From the records below, transcribe exactly the lines that begin at the line with "Disclaimer Pants Men Black" and end at the line with "Chicken Meatballs 10oz", both included.

[Excerpted data — start]

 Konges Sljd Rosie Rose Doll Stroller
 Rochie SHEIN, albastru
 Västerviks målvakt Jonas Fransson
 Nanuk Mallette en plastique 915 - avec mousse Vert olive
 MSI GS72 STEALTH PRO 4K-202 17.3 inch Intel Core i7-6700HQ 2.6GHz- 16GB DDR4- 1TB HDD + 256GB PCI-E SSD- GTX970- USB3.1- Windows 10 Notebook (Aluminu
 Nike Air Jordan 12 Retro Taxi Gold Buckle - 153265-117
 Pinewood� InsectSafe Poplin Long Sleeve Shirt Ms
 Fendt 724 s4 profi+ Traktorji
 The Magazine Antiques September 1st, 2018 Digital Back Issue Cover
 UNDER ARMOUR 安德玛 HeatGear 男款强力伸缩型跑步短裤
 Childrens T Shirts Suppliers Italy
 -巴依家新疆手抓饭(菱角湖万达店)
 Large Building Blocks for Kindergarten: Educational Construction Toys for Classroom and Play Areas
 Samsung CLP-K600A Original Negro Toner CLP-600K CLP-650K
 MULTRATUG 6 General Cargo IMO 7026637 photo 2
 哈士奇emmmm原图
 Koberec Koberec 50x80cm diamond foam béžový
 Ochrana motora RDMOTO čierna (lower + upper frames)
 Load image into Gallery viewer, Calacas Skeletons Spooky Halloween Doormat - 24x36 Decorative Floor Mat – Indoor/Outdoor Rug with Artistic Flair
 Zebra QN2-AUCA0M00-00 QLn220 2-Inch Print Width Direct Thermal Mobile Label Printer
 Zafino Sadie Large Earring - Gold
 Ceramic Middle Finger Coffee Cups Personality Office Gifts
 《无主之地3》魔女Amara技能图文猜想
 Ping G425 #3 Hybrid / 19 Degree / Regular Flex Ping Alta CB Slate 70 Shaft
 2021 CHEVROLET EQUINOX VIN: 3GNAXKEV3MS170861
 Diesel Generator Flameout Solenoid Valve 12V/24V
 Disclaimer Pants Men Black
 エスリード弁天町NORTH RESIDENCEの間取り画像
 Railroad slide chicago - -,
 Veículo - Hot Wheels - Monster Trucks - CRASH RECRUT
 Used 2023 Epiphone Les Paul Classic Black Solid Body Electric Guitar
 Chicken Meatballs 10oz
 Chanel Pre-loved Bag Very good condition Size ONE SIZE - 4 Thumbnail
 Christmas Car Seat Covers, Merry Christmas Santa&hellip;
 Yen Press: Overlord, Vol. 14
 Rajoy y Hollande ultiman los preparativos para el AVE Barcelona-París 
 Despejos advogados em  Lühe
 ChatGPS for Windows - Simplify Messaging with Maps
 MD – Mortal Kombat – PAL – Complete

[Excerpted data — finish]

** Solution to the exercise **
 Disclaimer Pants Men Black
 エスリード弁天町NORTH RESIDENCEの間取り画像
 Railroad slide chicago - -,
 Veículo - Hot Wheels - Monster Trucks - CRASH RECRUT
 Used 2023 Epiphone Les Paul Classic Black Solid Body Electric Guitar
 Chicken Meatballs 10oz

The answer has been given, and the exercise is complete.